2005 Pulitzer Prize Winner for Fiction
2004 National Book Critics Circle Winner
In 1956, toward the end of Reverend John Ames's life, he begins a letter to his young son, an account of himself and his forebears. Ames is the son of an Iowan preacher and the grandson of a minister who, as a young man in Maine, saw a vision of Christ bound in chains and came west to Kansas to fight for abolition: He "preached men into the Civil War," then, at age fifty, became a chaplain in the Union Army, losing his right eye in battle. Reverend Ames writes to his son about the tension between his father--an ardent pacifist--and his grandfather, whose pistol and bloody shirts, concealed in an army blanket, may be relics from the fight between the abolitionists and those settlers who wanted to vote Kansas into the union as a slave state. And he tells a story of the sacred bonds between fathers and sons, which are tested in his tender and strained relationship with his namesake, John Ames Boughton, his best friend's wayward son.

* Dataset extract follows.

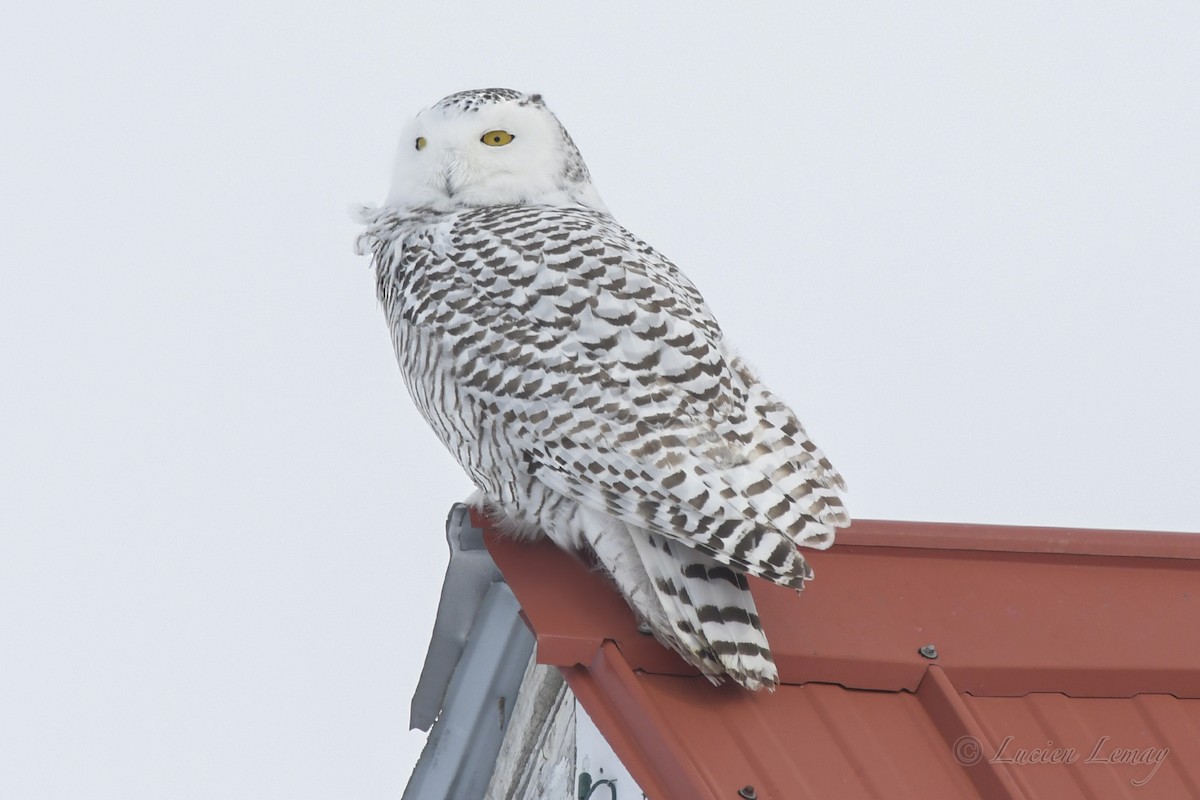 Snowy Owl - ML540573451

This is also the tale of another remarkable vision--not a corporeal vision of God but the vision of life as a wondrously strange creation. It tells how wisdom was forged in Ames's soul during his solitary life, and how history lives through generations, pervasively present even when betrayed and forgotten.

Gilead is the long-hoped-for second novel by one of our finest writers, a hymn of praise and lamentation to the God- haunted existence that Reverend Ames loves passionately, and from which he will soon part.